Five case histories illustrate tim disabling visual diseases caused by retinal and cerebral infarction in incontinentia pigmenti. Cortical blindness was definitely present in one baby, who had bilateral absence of light perception, and was probably present in a second infant also. Retinal detachment occurred in three eyes of three patients, one of whom had spontaneous reattachment. In a second patient, a partial tractional retinal detachment progressed within 4 mouths during infancy to a total, inoperable, retrolental, white fibrovascular mass mimicking stage 5 retinopathy of prematurity. Phthisis bulbi resulted. In a third patient, a localized tractional retinal detachment originated at the nonperfused macula and extended over a 7-month period to the ora serrata. Preretinal neovascularization waxed and waned in these and other patients. Abnormalities of the macula were pronounced but were sometimes difficult to detect.
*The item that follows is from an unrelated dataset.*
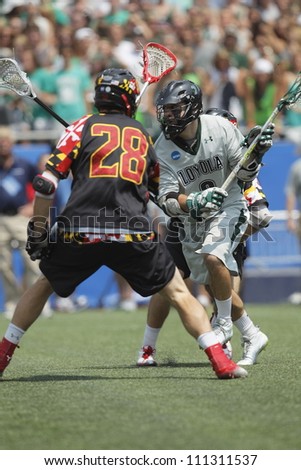 FOXBOROUGH - 28 MAY: Chris Layne (3), Loyola University Maryland, prepares for a shot on goal against Maryland, College Park at the NCAA Men\'s Division 1 Lacrosse Championship game, 28 May 2012 in Foxborough, Massachusetts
Their severity and relative frequency have not been previously described in detail. Abnormalities included blunting or absence of the foveal pit and absence of the normal foveal avascular zone. One patient at 12 days of age had an infarcted macula with a cherry-red spot. Similar episodes may have occurred in other children and would be sufficient to explain the appearance of macular abnormalities and otherwise unexplainable poor visual acuity in older individuals. Well-focused macular angiography appears to be highly useful in explaining visual disability due to abnormal foveal anatomy and function. Optic atrophy occurred in several eyes. Its pathogenesis may be multifactorial. Further research is necessary to elucidate the mechanisms of vascular closure in the retina as well as the pathogenesis of destructive encephalopathy in this exceptionally severe disease. Valid therapeutic possibilities may then become more obvious than they are at present. It is possible that the retina and brain undergo similar disease processes in incontinentia pigmenti.